[Provided records Boundary: Start]

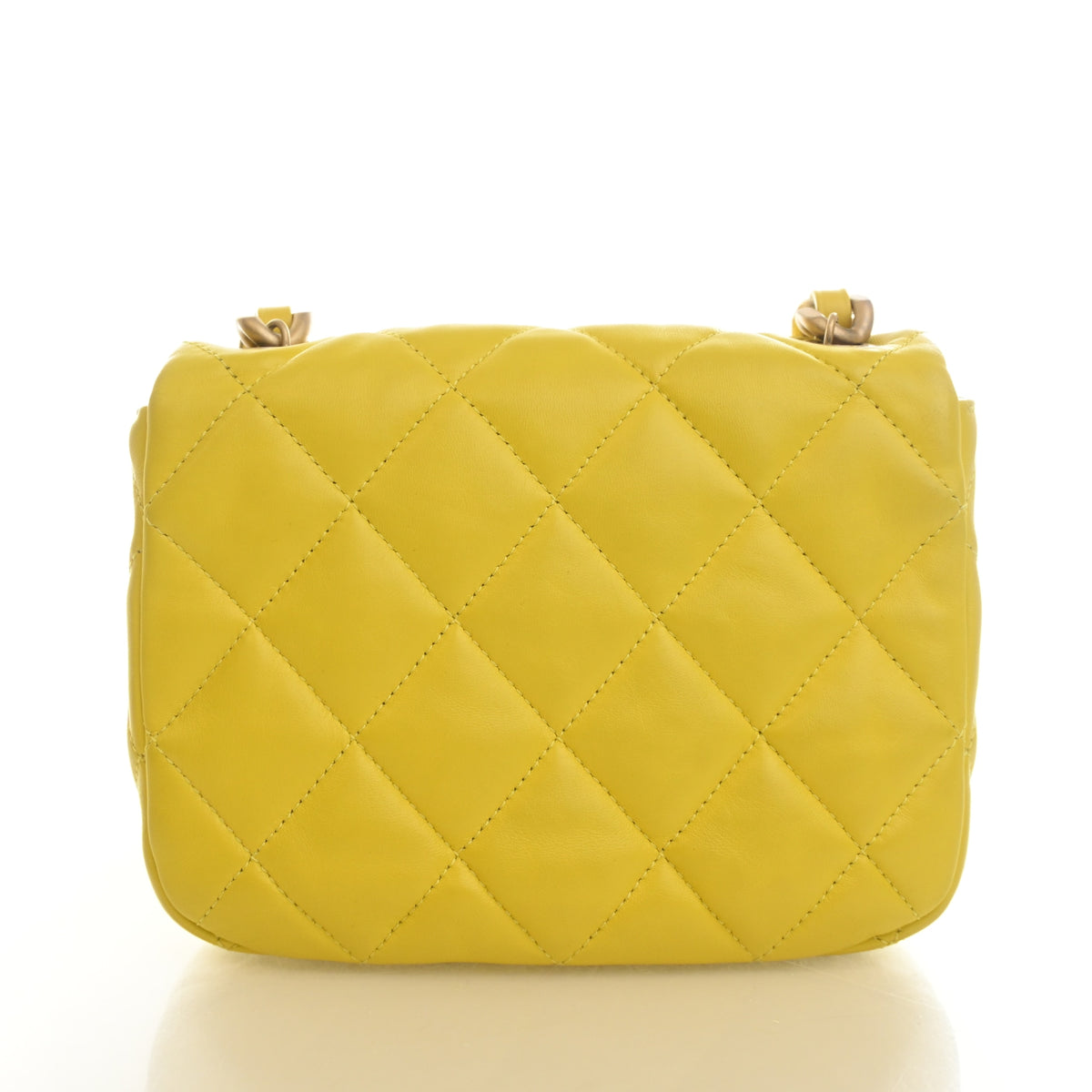 Pre-Owned Chanel Flap Bag Mini Lambskin Lacquered Chain, back view
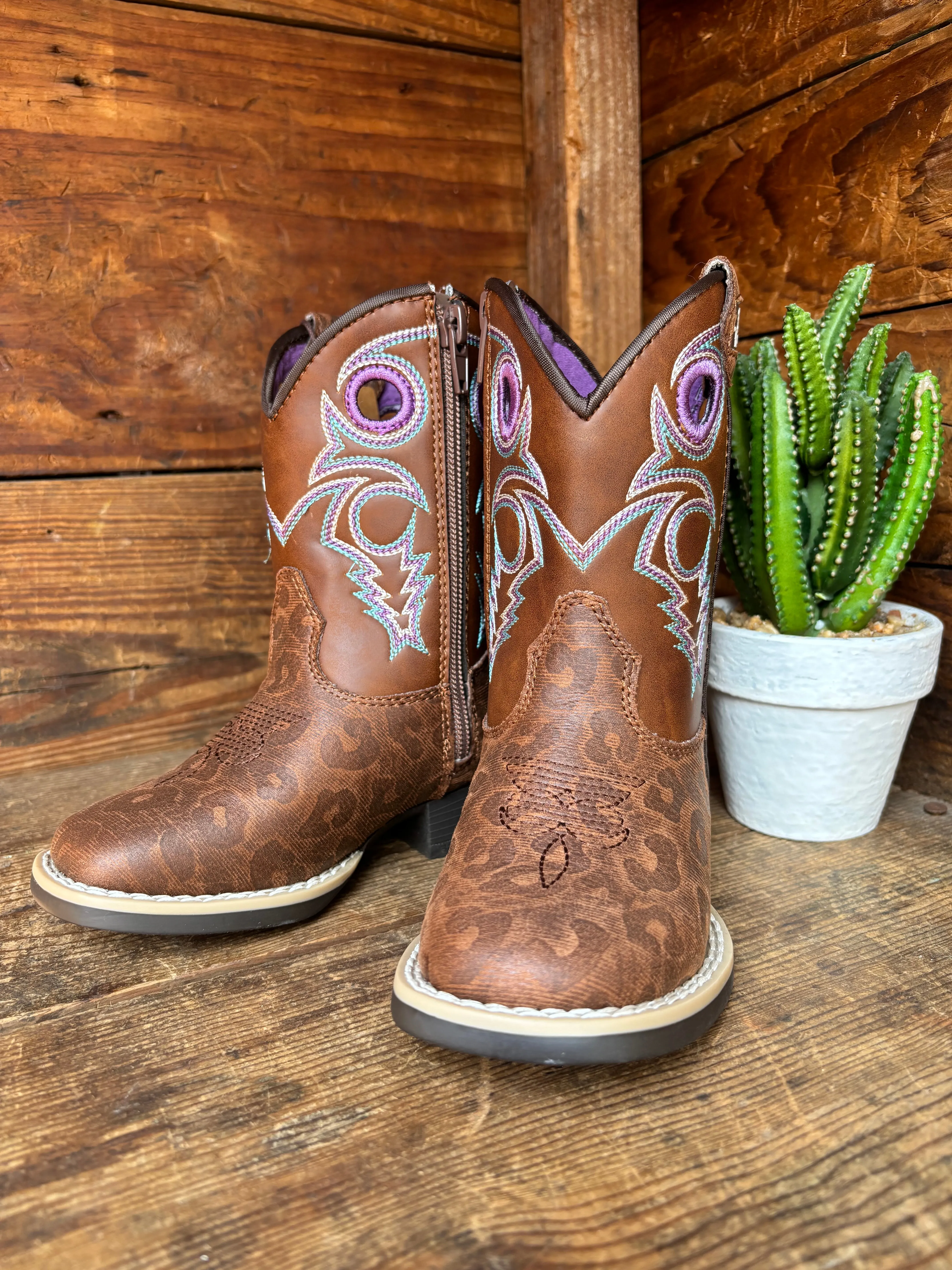 Twister Dottie Brown with Leopard Print Embroidered Toddler Cowboy Boots 443003502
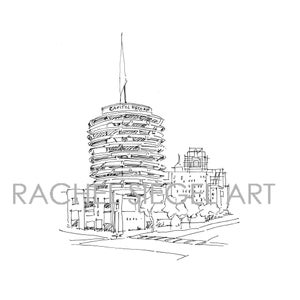Capklemme, kultig Hollywood, Digitale Datei, Kalifornien Clip Art, Hochzeit Karten, Los Angeles Wahrzeichen, Einladungen, branding, journaling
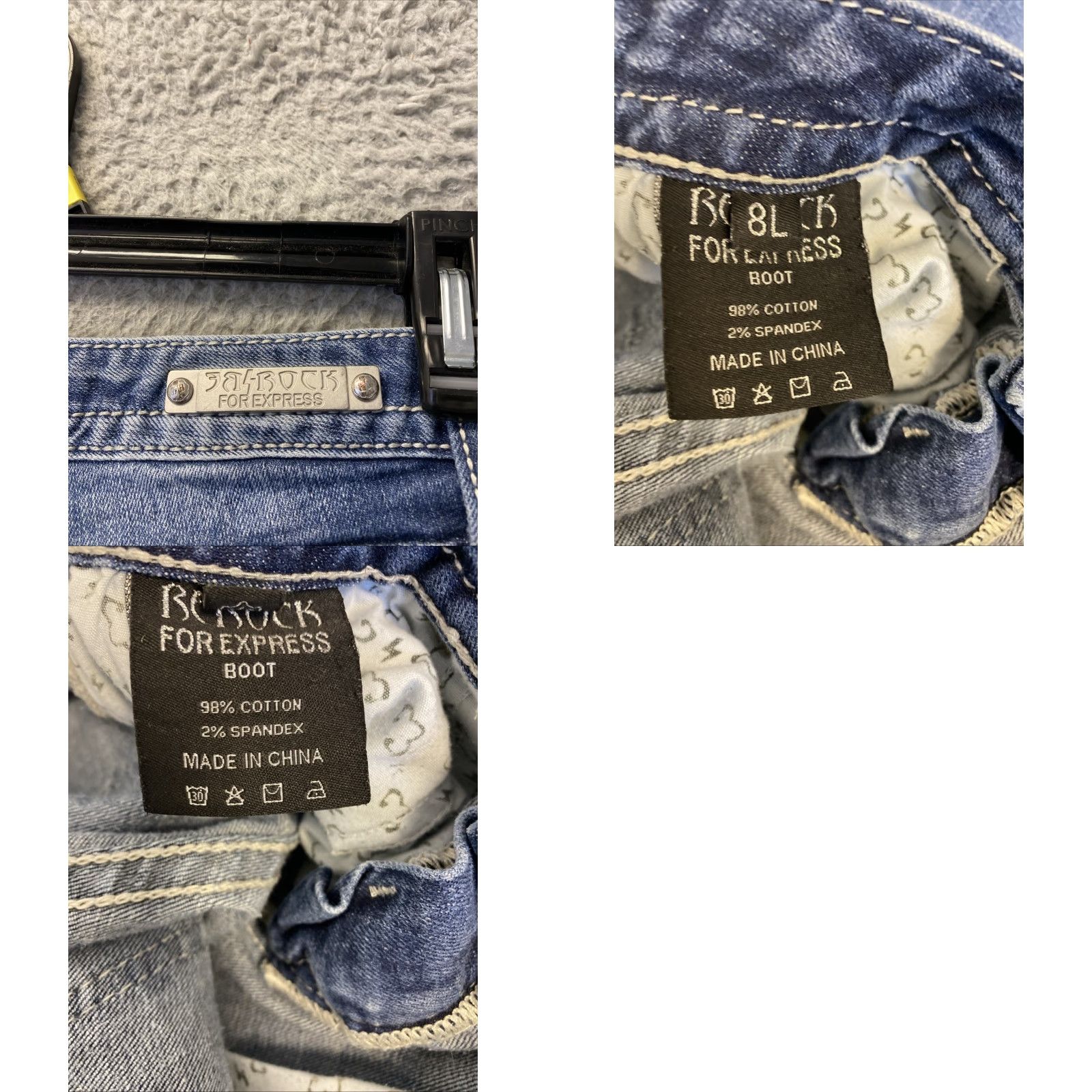 Denime ReRock Jeans Bootcut Womens 8 Denim Blue Embroidered Low Rise Stretch Regular Size 8 Size 30" / US 8 / IT 44 - 9 Thumbnail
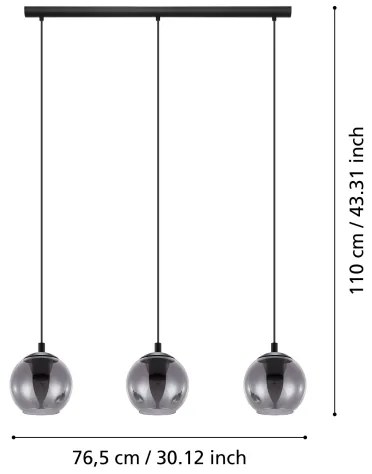 Eglo 98652 - Lampadario a sospensione con filo ARISCANI 3xE27/40W/230V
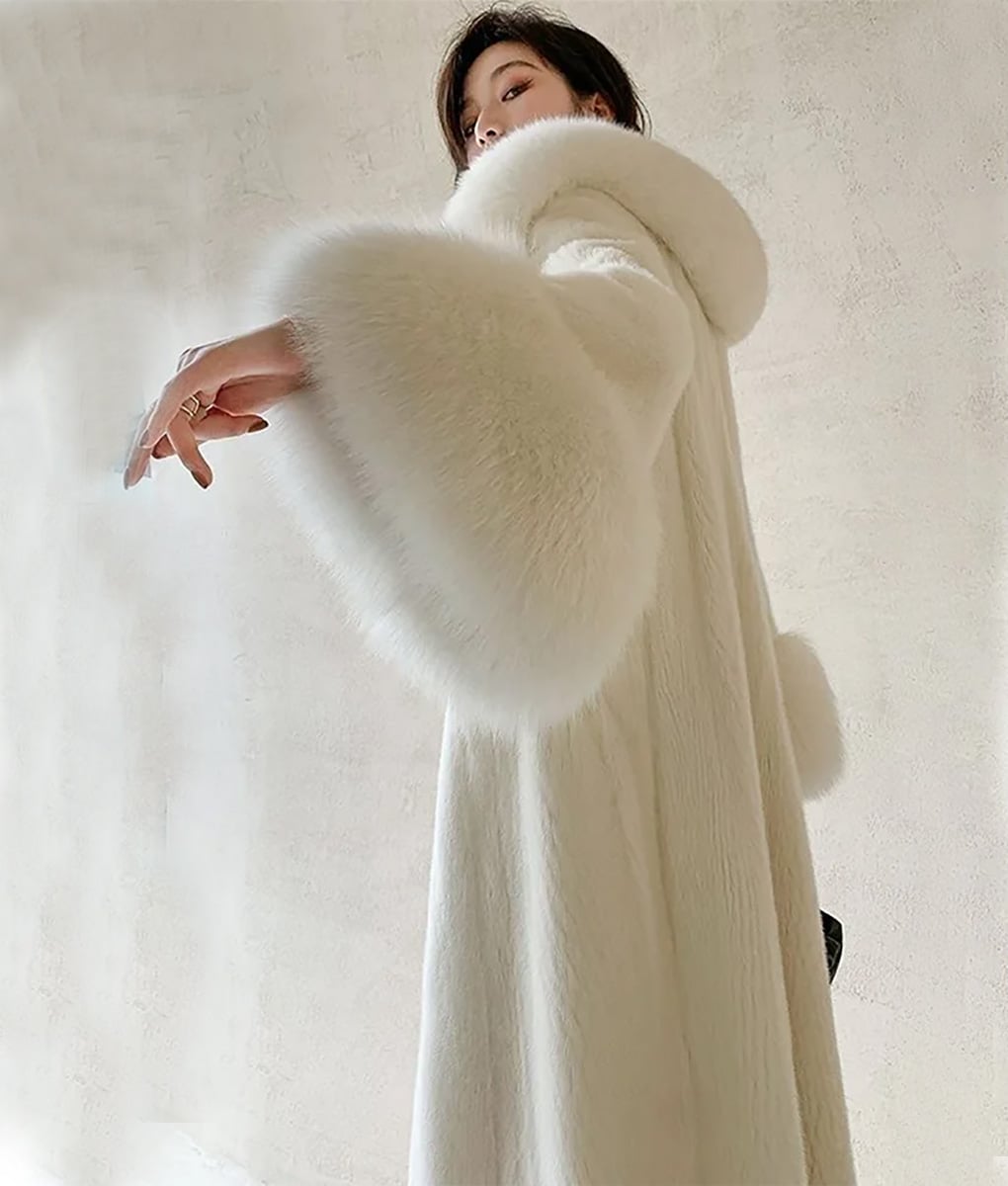 Zoey Pink Mink Fur Coat
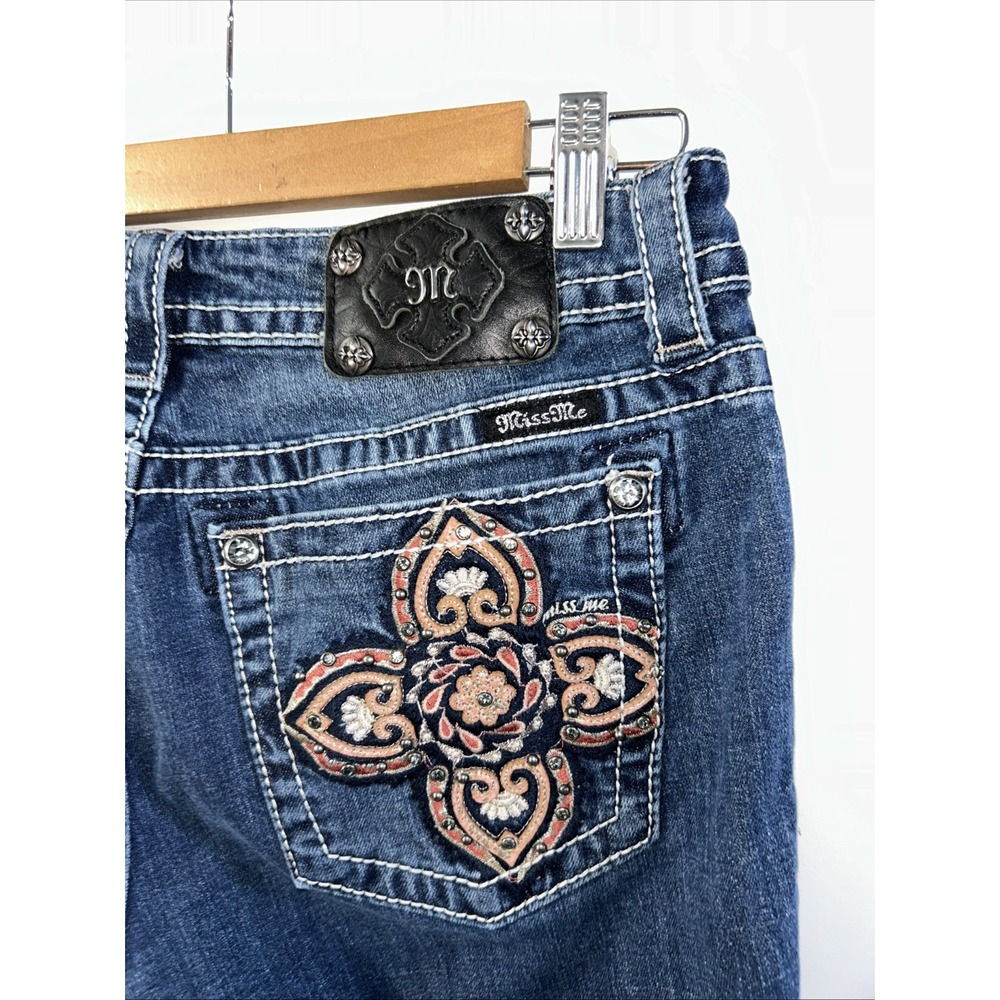 Women's Miss Me Skinny Jeans Embellished Multi Color Stitching Sz 31 No Pilling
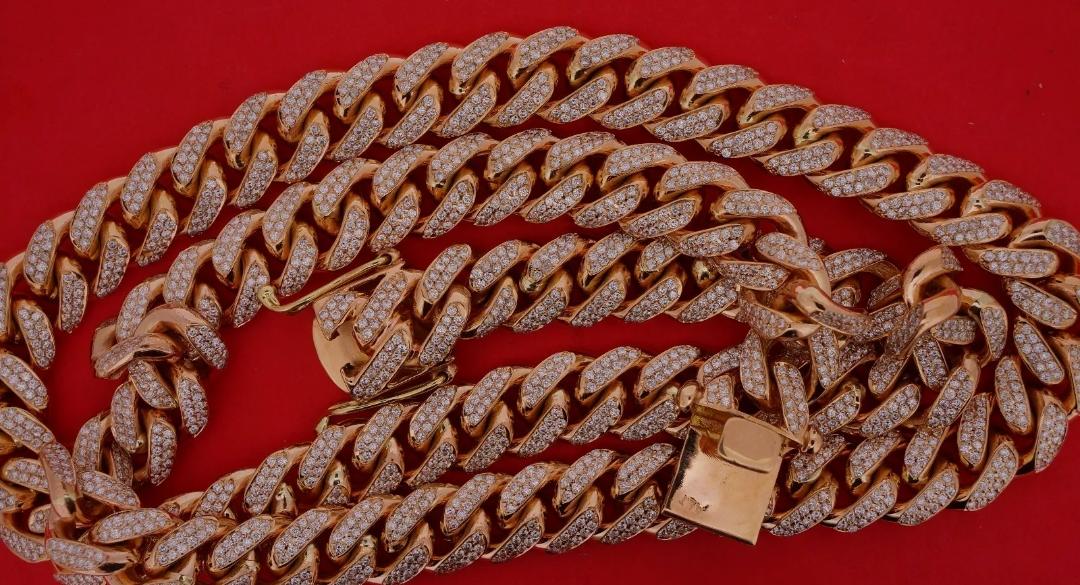 700 Grams 10k Rose Gold 45 ct DiamondS 16mm Miami Cuban Link Chain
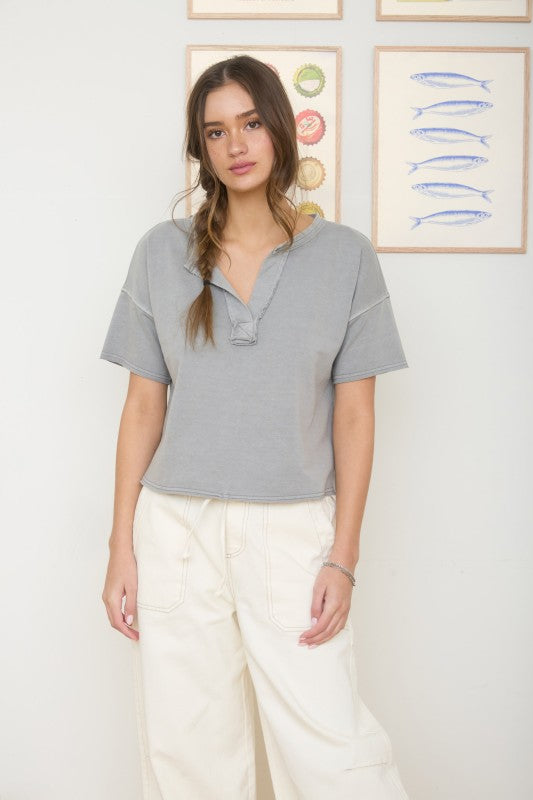Washed Split Neck Raw Edge Short Sleeve Knit Top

[Provided records Boundary: End]

Exercise prompt:
Pictures aside, print exactly the lines above starting with the one containing "Twister Dottie Brown" and going on through the one containing "Capklemme, kultig Hollywood, Digitale".

Solution to this task:
 Twister Dottie Brown with Leopard Print Embroidered Toddler Cowboy Boots 443003502
Capklemme, kultig Hollywood, Digitale Datei, Kalifornien Clip Art, Hochzeit Karten, Los Angeles Wahrzeichen, Einladungen, branding, journaling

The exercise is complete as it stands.